5. The guardrails you can't turn off¶
These run in every build, dev and production alike. Each one fails loud — rejecting with a structured :rf.error/* instead of silently stripping and warning — so a failure surfaces like any other bug rather than slipping past you.
- Drain depth (default 100, per-frame
:drain-depth) — a runaway dispatch drain halts at the ceiling with:rf.error/drain-depth-exceededinstead of freezing the tab. Already-settled events in the drain stay committed (each commit is atomic on its own); the offending event that tipped over the limit is the one that doesn't land. A drain near the ceiling is a bug to fix, not a number to raise — the error's recovery is:no-recoveryprecisely because hitting it always means runaway recursion. - HTTP keyword cap (
:rf.http/max-decoded-keys, default 10000) — a hostile JSON reply can't intern unbounded keywords and slowly kill a long-running process; the decode fails onto your:on-failurepath. - Slow-loris timeout (
:timeout-ms, default 30000) — every managed HTTP request gets a wall-clock per-attempt timeout; opting out is deliberately loud (:timeout-ms nil) so a reviewer sees it. - CRLF fail-fast — server-side
:rf.server/*response fx refuse to put a\ror\non the wire: a header:valuecontaining one throws with:rf.error/header-invalid-value, a redirect location containing one throws with:rf.error/redirect-invalid-location, and cookies go through structured maps that can't be string-spliced.

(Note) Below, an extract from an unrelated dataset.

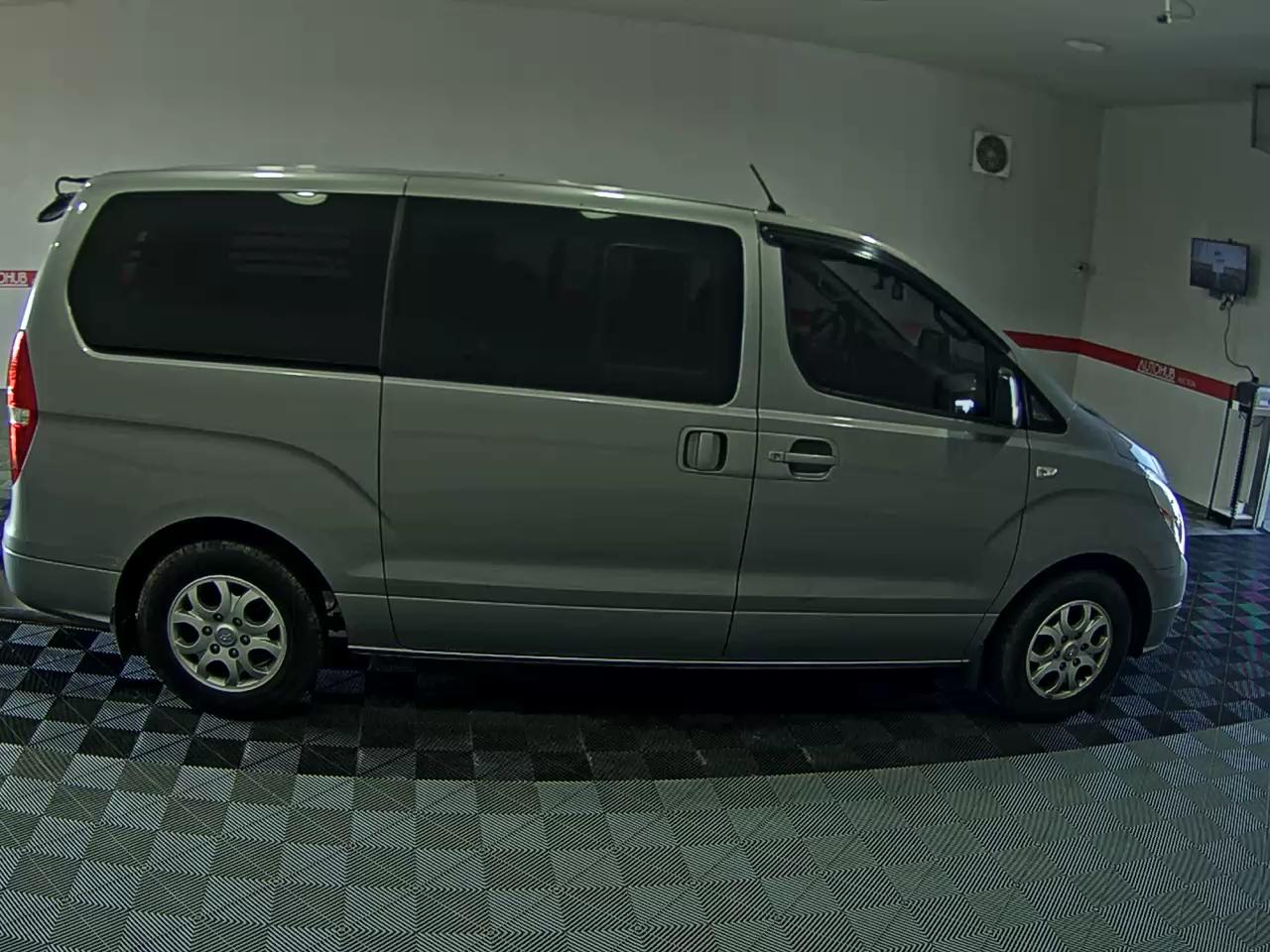 2014 - hyundai grand starex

Header injection is closed at the fx site, not normalised away. - Open-redirect guard —
:rf.server/redirectis caller-trusted (you composed the location), so it only gets the CRLF check above. For a location built from untrusted input — the classic?next=…query param — reach for:rf.server/safe-redirectinstead: it parses the URL, rejectsjavascript:/data:/vbscript:schemes (:rf.error/safe-redirect-scheme-rejected), rejects an unparseable URL (:rf.error/safe-redirect-invalid-url), and can gate to relative-only or an:allowhost allowlist (:rf.error/safe-redirect-host-disallowed). Dispatching attacker-controlled input straight into:rf.server/redirectis the open-redirect bug this variant exists to close. - Editor-URI scheme rejection — click-to-source links refuse
javascript:/data:/vbscript:schemes (everything else —vscode:,idea:,cursor:, future editor schemes — passes), so a custom editor template can't run script in your dev tab. - The
:rf/*reserved namespace — registering anything under an:rf-prefixed id is refused territory; one prefix answers "is this framework-owned?".

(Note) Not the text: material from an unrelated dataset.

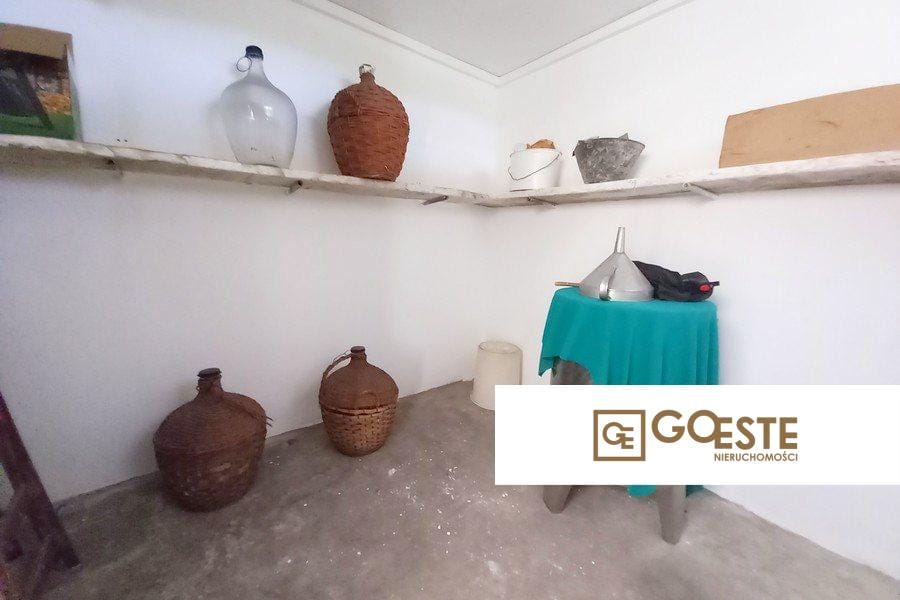 Dom z dużym ogrodem - REF ID: 2031/83 w Trogir Chorwacja Trogir House With Large Garden For Sale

Why always-on, not dev-only?
A guardrail that only runs in development is a guardrail you've disabled for the exact users who can attack you. Each of these defends a production threat — a recursive dispatch DoS, a keyword-interning DoS, header injection — so each survives goog.DEBUG=false by design.

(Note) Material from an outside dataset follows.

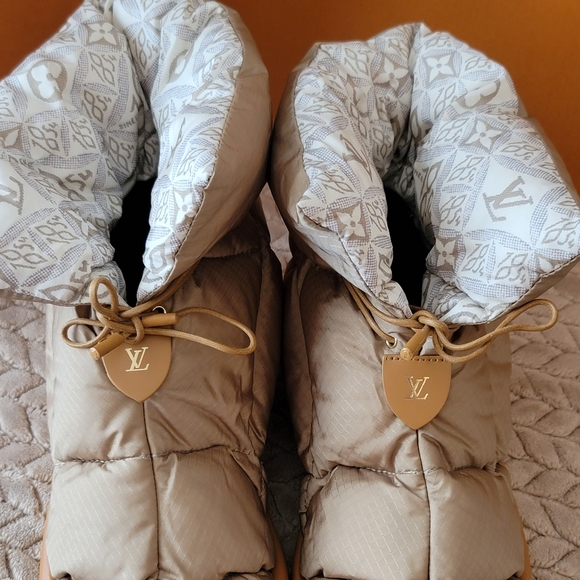 Louis Vuitton Pillow Boot Econyl 1854 Monogram Beige Creme Color 40=10US Limited - Picture 4 of 14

The elision mechanism itself — what disappears from a production build, and the two always-on streams that survive — is Observability's territory.
The pre-ship checklist¶
- Release build sets
{:closure-defines {goog.DEBUG false}}(most templates already do). - Your own dev-only registrations sit behind
^boolean re-frame.interop/debug-enabled?, outermost. - Production observability is wired on an always-on surface — a frame
:observabilitysink, or the corpus-wide:events/:errorslistener streams. - Handlers receiving untrusted payloads reference the
:rf.schema/at-boundaryinterceptor in their:interceptorschain. - A JVM/SSR tier ships with
-Dre-frame.debug=false. - No Xray preload or pair-server artefact on the release classpath.
Six checks. If every one holds, ship.